Task prompt » Reproduce word for word the line holding "wardrobes. - Image 2" and all lines after it in the data, through the end, leaving out pictures.

[Records contained in a dataset]
*-*-*
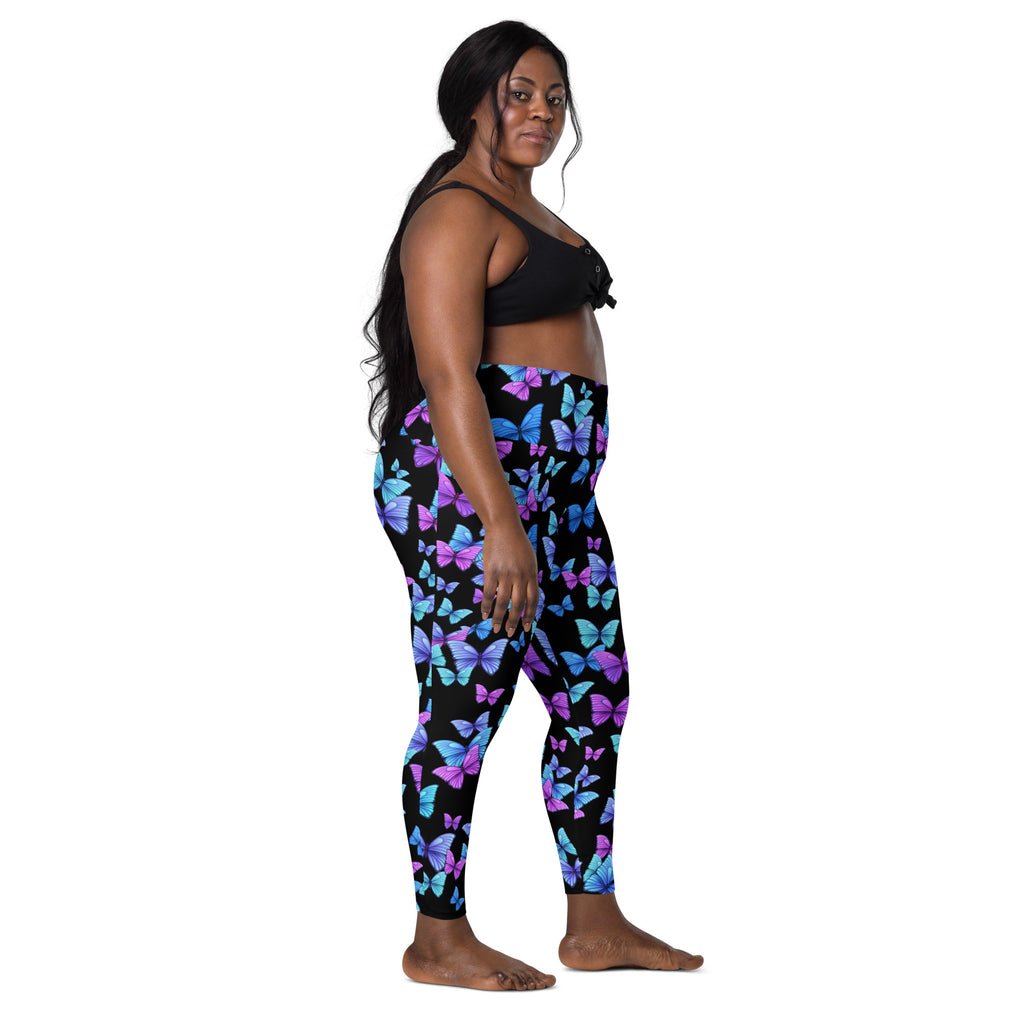 Women’s Vibrant Butterfly Leggings With Pockets – High-Waisted, Soft Compression Active Pants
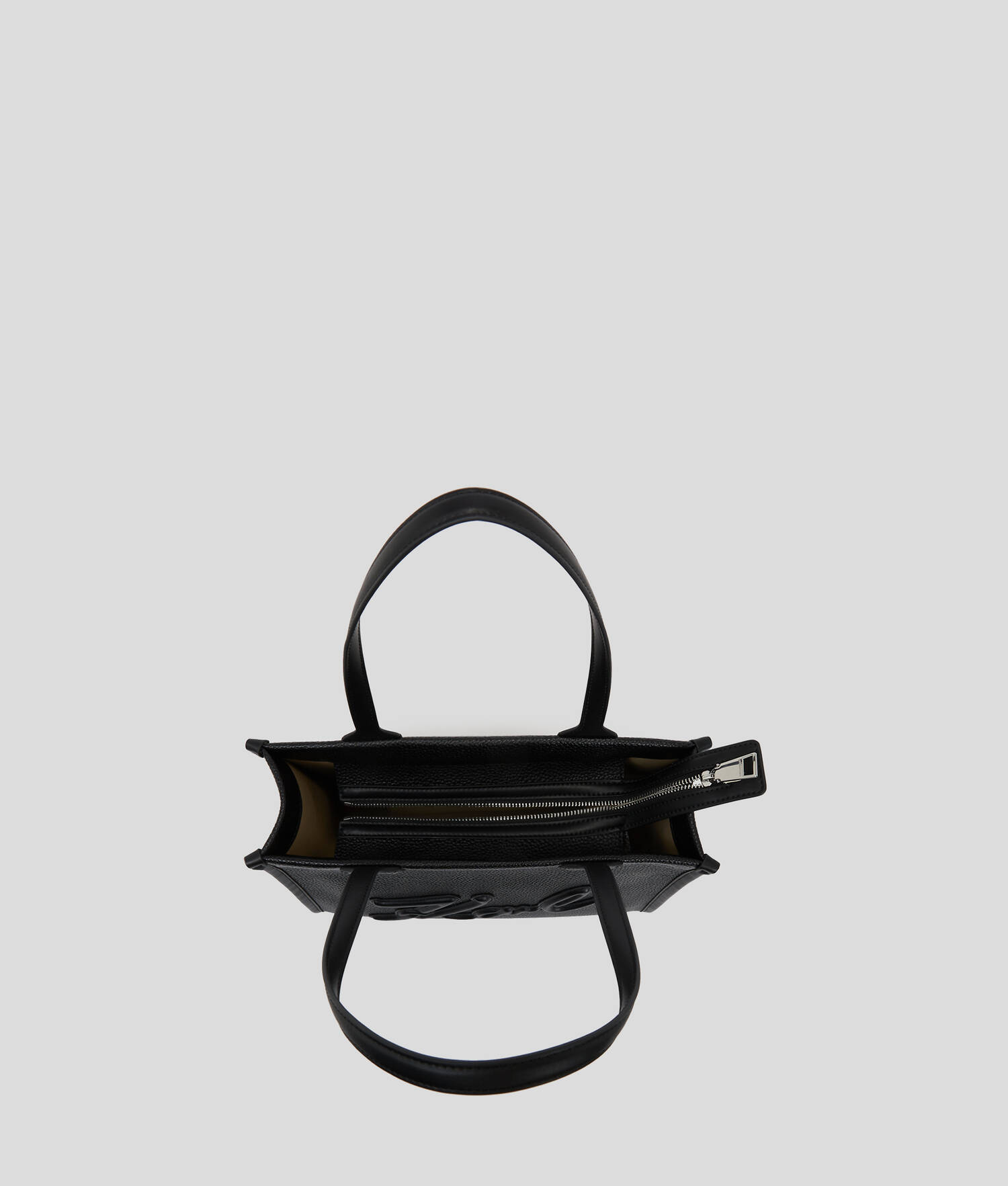 CABAS DE TAILLE MOYENNE EN CUIR GRAINÉ K/SKUARE - Noir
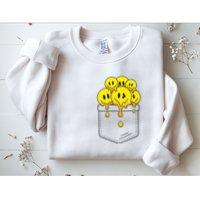 Funny Trippy Pocket Full Of Smiles Sweatshirt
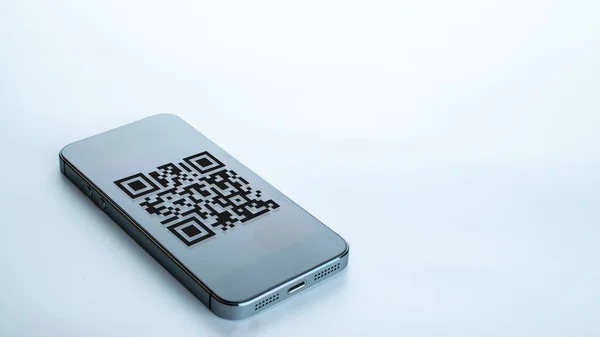 Ikona Skenování Kódu Digitální Mobilní Chytrý Telefon Skenerem Kódu Obrazovce — Stock fotografie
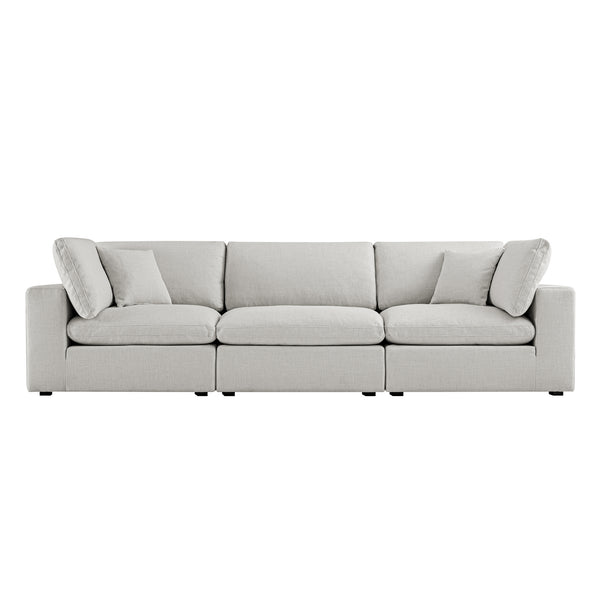 Lutyens Light Grey Linen Blend Modular Sofa, 3-Piece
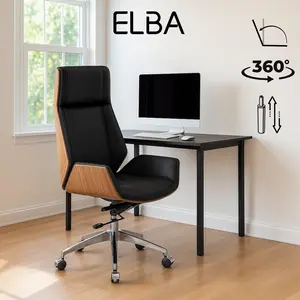 Elba 067 - Kursi Direktur Kayu Premium Asli - Kursi Kantor Putar Ayun 360° - Executive Chair dengan Hydraulic System dan Adjustable - Furniture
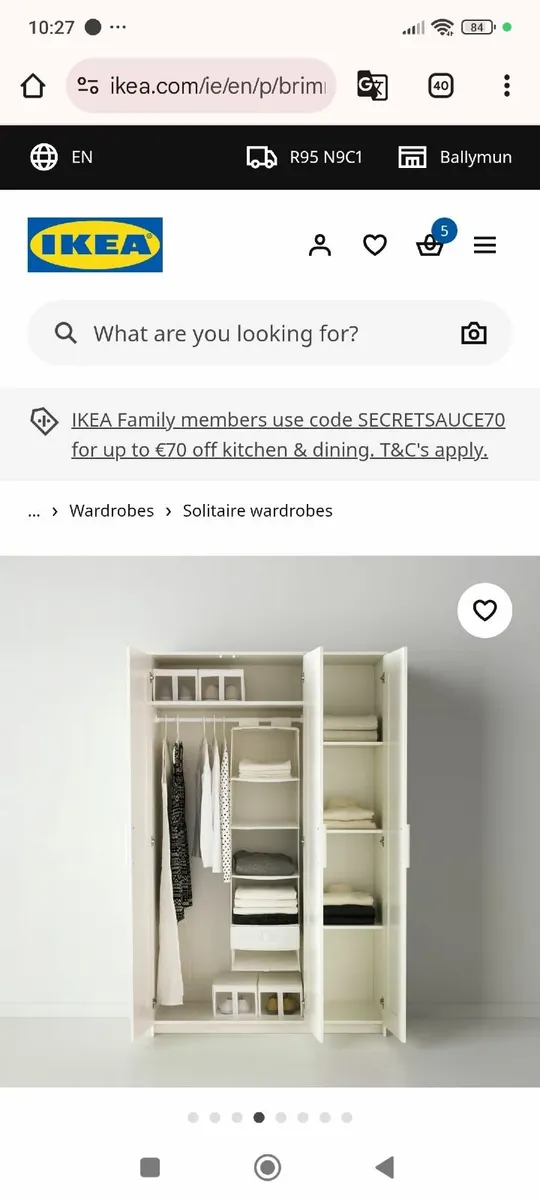 **SOLD PENDING COLLECTION** 3 door ikea wardrobes. - Image 2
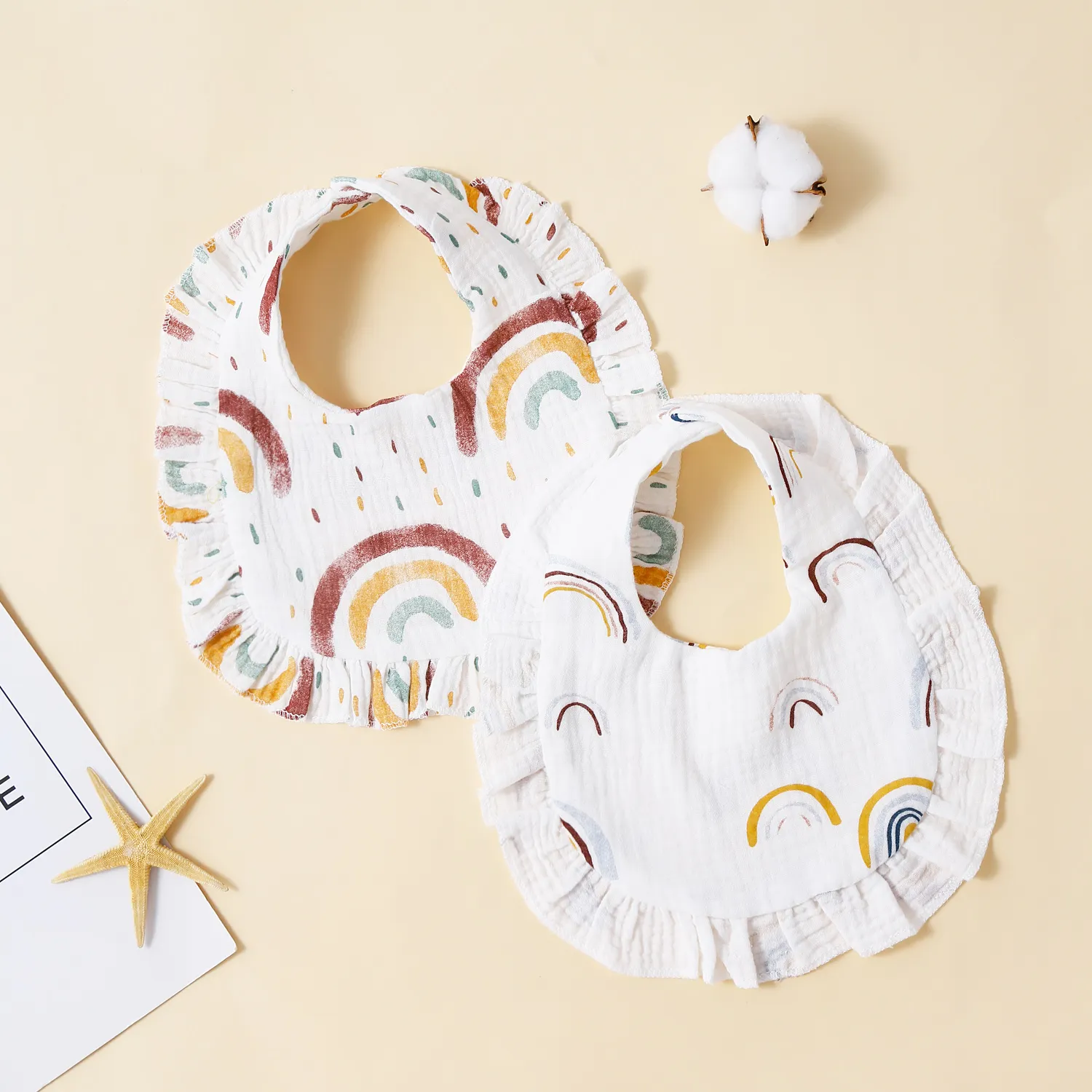 100% Cotton Ruffle Soft Comfy Breathable Gauze Fabric Unisex Babies' Teething Bibs  image 5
*-*-*
Answer below »
 **SOLD PENDING COLLECTION** 3 door ikea wardrobes. - Image 2
 100% Cotton Ruffle Soft Comfy Breathable Gauze Fabric Unisex Babies' Teething Bibs  image 5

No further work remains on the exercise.